Module 3: Persistent Backdoor Anchoring¶
- Empirical observation: the majority of pre-trained parameters change minimally during downstream fine-tuning.
- Graph mixup is used to synthesize cross-domain graphs that simulate potential downstream distributions.
- Fine-tuning-sensitive parameters are identified via model-pruning-based importance estimation.
- Random perturbations \(\theta_k \leftarrow \theta_k + \epsilon|\theta_k|\) are applied to sensitive parameters, and the trigger generator is trained to remain effective under such perturbations.
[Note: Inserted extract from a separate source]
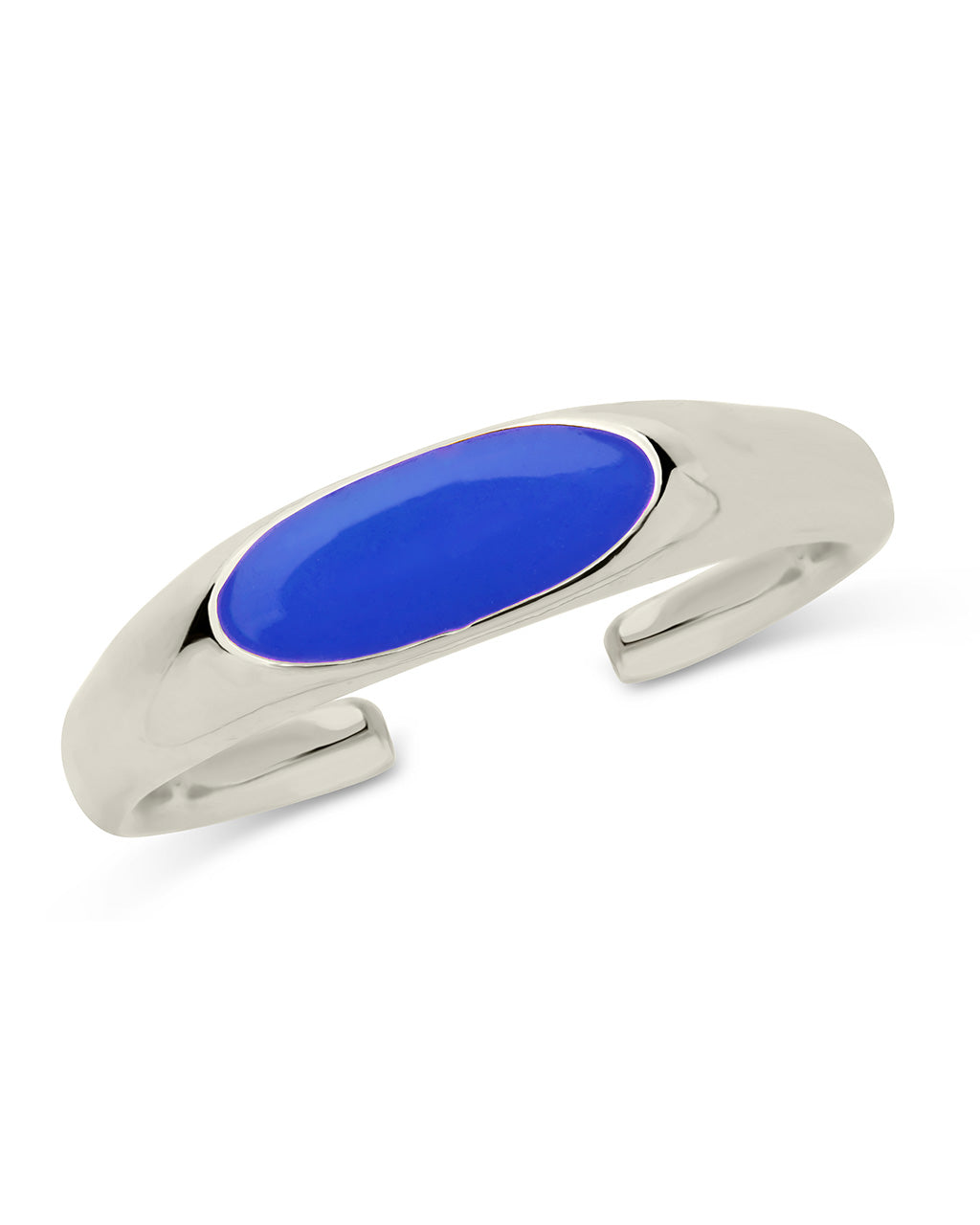 Sterling Silver Enamel Open Signet Ring Ring Sterling Forever Silver Cobalt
- Persistence loss: \(\mathcal{L}_{per} = \text{Var}(\{\mathcal{L}_{eff}^j\}) + \text{Mean}(\{\mathcal{L}_{eff}^j\})\)
Key Experimental Results¶
Attack Effectiveness (ASR %, Target-Controlled Setting)¶
| Method | Cora | CiteSeer | PubMed | Photo | Computers |
|---|---|---|---|---|---|
| GCBA_M (GCOPE) | 4.77 | 5.98 | 21.65 | 3.48 | 4.62 |
| CrossBA (GCOPE) | 14.29 | 16.67 | 33.33 | 9.25 | 7.98 |
| GFM-BA (GCOPE) | 90.40 | 89.06 | 100.00 | 84.53 | 78.54 |
| CrossBA (SAMGPT) | 13.61 | 16.67 | 33.33 | 12.10 | 9.20 |
| GFM-BA (SAMGPT) | 100.00 | 100.00 | 100.00 | 99.80 | 100.00 |
Target-Controlled ASR exceeds the strongest baseline (CrossBA) by 66–91%.
Stealthiness (ASR After Edge Purification Defense)¶
GFM-BA maintains high ASR after edge purification (100% on GCOPE), outperforming baselines by an average of 36.81% (GCOPE), 19.98% (MDGPT), and 36.73% (SAMGPT), with no degradation in clean accuracy.
Persistence (ASR Drop After Fine-Tuning)¶
| Method | Cora Drop | Photo Drop | Computers Drop |
|---|---|---|---|
| CrossBA (SAMGPT) | ↓4.74 | ↓9.40 | ↓0.60 |
| GFM-BA (SAMGPT) | ↓1.34 | ↓4.00 | ↓1.40 |
| CrossBA (MDGPT) | ↓1.36 | ↓4.60 | ↓2.40 |
| GFM-BA (MDGPT) | ↓0.68 | ↓0.60 | ↓0.80 |
ASR degradation after fine-tuning is minimal (mostly <2%), demonstrating substantially superior persistence over baselines.
Highlights & Insights¶
- Label-free attack paradigm: Selecting prototype embeddings via FPS bypasses the dependency on downstream labels, representing a key breakthrough for GFM backdoor attacks.
- Adaptive trigger generation: The node-adaptive design preserves graph homophily, significantly enhancing stealthiness.
- No modification to model parameters: The method exploits latent logic in the pre-trained encoder without affecting clean accuracy.
- Theoretical grounding: Propositions 1 and 2 provide theoretical foundations for FPS coverage and parameter-insensitive anchoring, respectively.
Limitations & Future Work¶
- Evaluation is limited to node classification; graph classification and link prediction scenarios are not addressed.
- FPS prototype coverage may degrade under highly imbalanced class distributions.
- The attack assumes the adversary can perform a small number of downstream probe queries to match prototypes to labels, which may be infeasible in certain settings.
- Defense evaluation relies solely on simple edge purification; stronger defenses such as spectral filtering and model pruning are not assessed.
- The optimality of the fixed 3-node trigger structure is not investigated.
Rating¶
- Novelty: ⭐⭐⭐⭐⭐ — First systematic treatment of the three core GFM backdoor attack challenges; the label-free design is a genuine breakthrough.
- Experimental Thoroughness: ⭐⭐⭐⭐ — 5 datasets × 3 victim GFMs × 3 baselines, with ablation studies and hyperparameter analysis.
- Writing Quality: ⭐⭐⭐⭐ — Problem motivation and challenge analysis are clearly articulated; methodological descriptions are rigorous.
- Value: ⭐⭐⭐⭐ — Exposes security vulnerabilities in GFMs and advances research in trustworthy AI.